Commentary by William Dean Howells, Athenaeum, The Illustrated London News, and Hartford Christian Secretary
Nominated as one of America’s best-loved novels by PBS’s The Great American Read
This irresistible tale of the adventures of two friends growing up in frontier America is one of Mark Twain’s most popular novels. The farcical, colorful, and poignant escapades of Tom and his friend Huckleberry Finn brilliantly depict the humor and pathos of growing up on the geographic and cultural rim of nineteenth-century America. Originally intended for children, the book transcends genre in its magical depiction of innocence and possibility, and is now regarded as one of Twain’s masterpieces. As Frank Conroy observes in his Introduction, The Adventures of Tom Sawyer “has become a sacred text within the body of American literature.”
This version, which reproduces the Mark Twain Project edition, is the approved text of the Center for Scholarly Editions of the Modern Language Association.

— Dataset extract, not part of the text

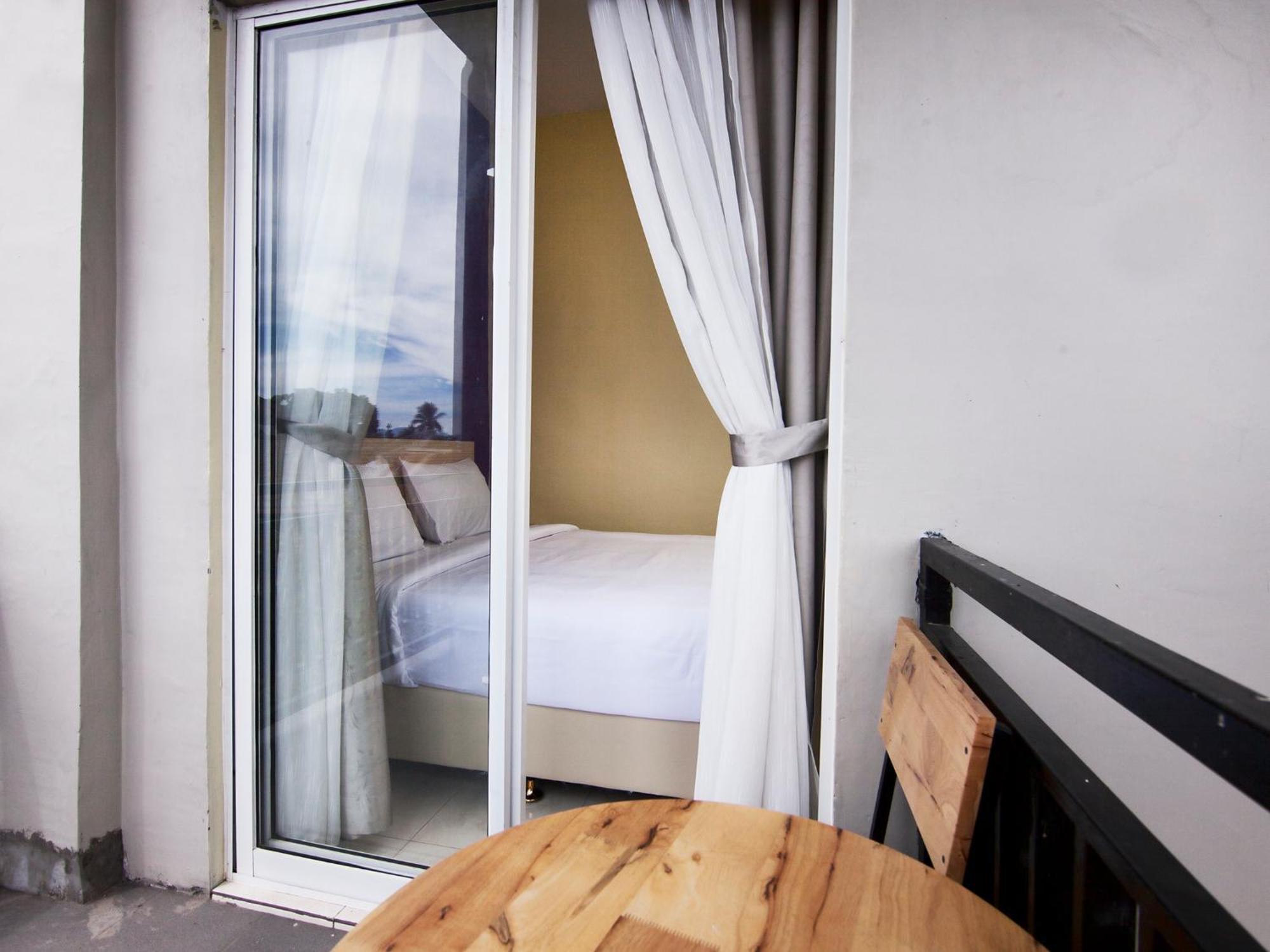 Rap Hotel Balige Luaran gambar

Includes a Modern Library Reading Group Guide
Author
Mark Twain
MARK TWAIN, considered one of the greatest writers in American literature, was born Samuel Clemens in Florida, Missouri, in 1835, and died in Redding, Connecticut in 1910. As a young child, he moved with his family to Hannibal, Missouri, on the banks of the Mississippi River, a setting that inspired his two best-known novels, The Adventures of Tom Sawyer and Adventures of Huckleberry Finn. In his person and in his pursuits, he was a man of extraordinary contrasts. Although he left school at 12 when his father died, he was eventually awarded honorary degrees from Yale University, the University of Missouri, and Oxford University. His career encompassed such varied occupations as printer, Mississippi riverboat pilot, journalist, travel writer, and publisher. He made fortunes from his writing but toward the end of his life he had to resort to lecture tours to pay his debts. He was hot-tempered, profane, and sentimental—and also pessimistic, cynical, and tortured by self-doubt. His nostalgia for the past helped produce some of his best books. He lives in American letters as a great artist, described by writer William Dean Howells as “the Lincoln of our literature.” Twain and his wife, Olivia Langdon Clemens, had four children—a son, Langdon, who died as an infant, and three daughters, Susy, Clara, and Jean.